The other performances are good, especially Akemi Negishi as the mother, too desperate (and too drunk) to notice or care that she’s become a pest at the snack bar where she works, and later in not wanting to believe her boyfriend raped her daughter but quickly grappling with and reacting to the horrible truth, and later still scolding her daughter during visiting hours at the prison. Negishi, discovered by Josef von Sternberg for the leading role in Anatahan (1954), was initially typecast as exotic foreign native girl types, such as the feisty native girl in King Kong vs. Godzilla. But she was too good an actress to be ignored, eventually landing major roles in films by Ishiro Honda, Akira Kurosawa (Dodes’ka-den), and Masumura (several films).

Arrow Video’s Blu-ray of Play It Cool presents the film in its original 2.35:1 Daieiscope screen shape, the Fujicolor grainier than usual. This is a wild guess but, given Daiei’s terrible financial state at the time, I wonder if faster film stock was used to expedite the lighting of scenes, and hence reduce shooting days. Regardless, the image has good color and contrast for an obviously quickly-shot picture, but the added grain is noticeable. The LPCM 1.0 mono (Japanese only) is excellent for what it is, and the optional English subtitles are good. The disc is Region “A” encoded.
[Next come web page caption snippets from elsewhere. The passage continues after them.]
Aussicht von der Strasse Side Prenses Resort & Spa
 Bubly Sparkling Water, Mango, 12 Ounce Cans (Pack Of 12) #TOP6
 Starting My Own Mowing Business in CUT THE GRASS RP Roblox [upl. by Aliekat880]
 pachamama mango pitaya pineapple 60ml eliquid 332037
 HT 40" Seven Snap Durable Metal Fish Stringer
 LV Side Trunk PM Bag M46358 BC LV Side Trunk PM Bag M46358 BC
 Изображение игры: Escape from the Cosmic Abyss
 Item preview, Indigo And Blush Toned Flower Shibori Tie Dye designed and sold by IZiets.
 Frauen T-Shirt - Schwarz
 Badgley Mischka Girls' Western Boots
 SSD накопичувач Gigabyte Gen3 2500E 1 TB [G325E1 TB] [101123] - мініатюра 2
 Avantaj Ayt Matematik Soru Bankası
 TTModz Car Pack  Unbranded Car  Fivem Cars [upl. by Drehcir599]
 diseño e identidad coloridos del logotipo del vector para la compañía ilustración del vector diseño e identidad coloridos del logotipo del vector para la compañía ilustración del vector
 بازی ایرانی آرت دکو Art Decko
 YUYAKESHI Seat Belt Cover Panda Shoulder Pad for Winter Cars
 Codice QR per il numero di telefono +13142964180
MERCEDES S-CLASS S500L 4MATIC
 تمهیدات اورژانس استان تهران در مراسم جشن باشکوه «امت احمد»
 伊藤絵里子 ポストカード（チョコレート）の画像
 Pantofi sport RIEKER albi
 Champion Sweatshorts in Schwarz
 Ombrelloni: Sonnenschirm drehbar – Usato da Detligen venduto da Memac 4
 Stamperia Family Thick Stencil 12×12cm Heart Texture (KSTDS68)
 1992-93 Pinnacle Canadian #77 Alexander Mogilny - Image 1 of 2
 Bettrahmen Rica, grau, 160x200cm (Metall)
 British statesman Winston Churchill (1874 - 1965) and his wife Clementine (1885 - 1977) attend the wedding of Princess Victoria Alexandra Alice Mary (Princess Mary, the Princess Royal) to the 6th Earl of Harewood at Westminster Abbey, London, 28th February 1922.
Supplements consist of an audio commentary by Japanese film scholar Jasper Sharp and Japanese literature specialist Anne McKnight; a long (46 minutes) video essay on the film and director Masumura generally by Mark Roberts; a Japanese trailer (up-rezzed from standard-def) and an image gallery. Also included is a booklet featuring an essay on the film by Earl Jackson.

A pleasant surprise that jibes quite nicely with director Masumura’s career-long interests, this much lesser-known title is recommended.